Has the true meaning of Christmas been lost?

This year's Christmas was a bit different from all my previous ones.  There were a number of reasons why - the main one being I didn't get to see or speak to my brother.

My brother is at university in America and should have been home for Christmas a couple of weeks ago.  But, after an accident involving his passport and a washing machine, he was unable to come back.

Due to having no internet yet in our new home, I had to speak to him on FaceTime while I was at mum and dad's.  Because of the time difference and Christmas dinner plans, though, I didn't get to see or speak to him properly on Christmas Day.

It's not until someone important isn't there on Christmas Day that you realise that spending time with the people you love is all that Christmas is really about.

It's not about the Michael Kors watches and bags or the new laptops and tablets.  It's not about who can upload the picture of the most impressive haul of presents or who has the most expensive new piece of jewellery. 

It's not about who has the most presents under the tree or who has the best, new designer clothes.

Those things are all lovely, and it's always nice to be spoilt and to be able to spoil people, but Christmas is about more than just material things.
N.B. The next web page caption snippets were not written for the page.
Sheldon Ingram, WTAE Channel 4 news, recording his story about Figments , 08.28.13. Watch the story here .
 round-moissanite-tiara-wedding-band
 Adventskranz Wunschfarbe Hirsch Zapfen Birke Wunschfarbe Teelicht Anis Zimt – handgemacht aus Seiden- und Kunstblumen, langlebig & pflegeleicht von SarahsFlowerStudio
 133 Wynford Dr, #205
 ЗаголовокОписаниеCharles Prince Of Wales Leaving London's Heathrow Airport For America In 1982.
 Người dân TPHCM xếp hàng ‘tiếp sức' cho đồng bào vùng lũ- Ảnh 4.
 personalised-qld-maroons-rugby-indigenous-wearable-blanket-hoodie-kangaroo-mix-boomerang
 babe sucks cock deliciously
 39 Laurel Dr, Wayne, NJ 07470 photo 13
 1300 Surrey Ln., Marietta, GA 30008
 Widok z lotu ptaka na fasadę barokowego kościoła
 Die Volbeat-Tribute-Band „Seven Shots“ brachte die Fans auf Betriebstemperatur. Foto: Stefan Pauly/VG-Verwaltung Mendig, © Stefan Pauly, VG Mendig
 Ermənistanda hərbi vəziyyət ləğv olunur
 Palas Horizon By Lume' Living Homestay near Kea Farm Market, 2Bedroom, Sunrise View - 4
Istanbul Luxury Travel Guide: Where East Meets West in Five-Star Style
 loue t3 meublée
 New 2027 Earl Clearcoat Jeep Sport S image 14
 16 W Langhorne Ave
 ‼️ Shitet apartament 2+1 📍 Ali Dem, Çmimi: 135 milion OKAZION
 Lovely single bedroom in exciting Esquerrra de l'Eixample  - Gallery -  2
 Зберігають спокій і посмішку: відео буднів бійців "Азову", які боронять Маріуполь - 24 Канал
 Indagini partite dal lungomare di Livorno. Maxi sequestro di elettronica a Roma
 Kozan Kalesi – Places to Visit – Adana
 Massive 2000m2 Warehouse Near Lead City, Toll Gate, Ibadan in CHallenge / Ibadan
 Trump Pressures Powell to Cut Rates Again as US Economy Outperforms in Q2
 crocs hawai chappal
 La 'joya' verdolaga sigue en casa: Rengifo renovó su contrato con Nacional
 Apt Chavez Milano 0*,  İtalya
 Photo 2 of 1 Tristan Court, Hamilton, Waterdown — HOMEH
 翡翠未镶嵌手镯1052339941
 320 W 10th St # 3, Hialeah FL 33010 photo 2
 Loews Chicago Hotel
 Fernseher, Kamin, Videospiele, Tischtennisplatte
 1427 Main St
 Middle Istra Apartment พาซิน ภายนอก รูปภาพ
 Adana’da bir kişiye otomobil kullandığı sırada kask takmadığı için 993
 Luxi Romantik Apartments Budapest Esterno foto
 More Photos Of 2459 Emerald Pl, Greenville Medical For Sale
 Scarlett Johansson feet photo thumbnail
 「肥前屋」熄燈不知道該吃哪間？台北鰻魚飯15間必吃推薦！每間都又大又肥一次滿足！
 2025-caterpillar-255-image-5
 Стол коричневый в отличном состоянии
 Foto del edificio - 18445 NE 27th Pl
It's about family, friends and love.

Don't get me wrong, I received some lovely presents and felt very lucky as I opened them at various points in the day - but none of that mattered because I wasn't able to share the day with my brother.

I can't help but feel that the true spirit of Christmas is lost these days.  I'm sure I've been guilty of focussing on the materialistic things in the past but it seems more and more people are losing sight of what matters at this time of year.

It's not until you're without someone important for the day that you realise what it is really about.

It's renowned as a time to give presents and, for some, the level of present giving demonstrates the scale of love.

Personally, I love giving presents - I love seeing people's happy faces when they open them.  But presents are just a small part of Christmas and what it's about.

Christmas is the season of goodwill.  It's about showing someone you care and sharing the love with those closest to you.  It's about spending time with family and friends and making new memories while recalling those from Christmases gone by.

It's about sitting down together at the table for Christmas dinner without the interruption of smartphones and technology.  It's about talking and laughing and family and friends.

I felt incredibly lucky this Christmas - I got some lovely, thoughtful presents and was very spoilt.  But those presents weren't why I felt lucky. 

I had a new family to spend part of my day with who made me feel very welcome and loved.  I got to see my mum and dad and spend some of the day with good friends.  Then, we were able to go back to our own home at the end of the day.

The only thing missing from the day was my brother, and all the presents I got meant nothing because I didn't get to see or speak to him.

There was always going to be the first Christmas that I wouldn't see my brother and, while it made me sad, it helped me see what Christmas is all about.

Material things are brilliant but I'd settle for love, family and friends over presents any day.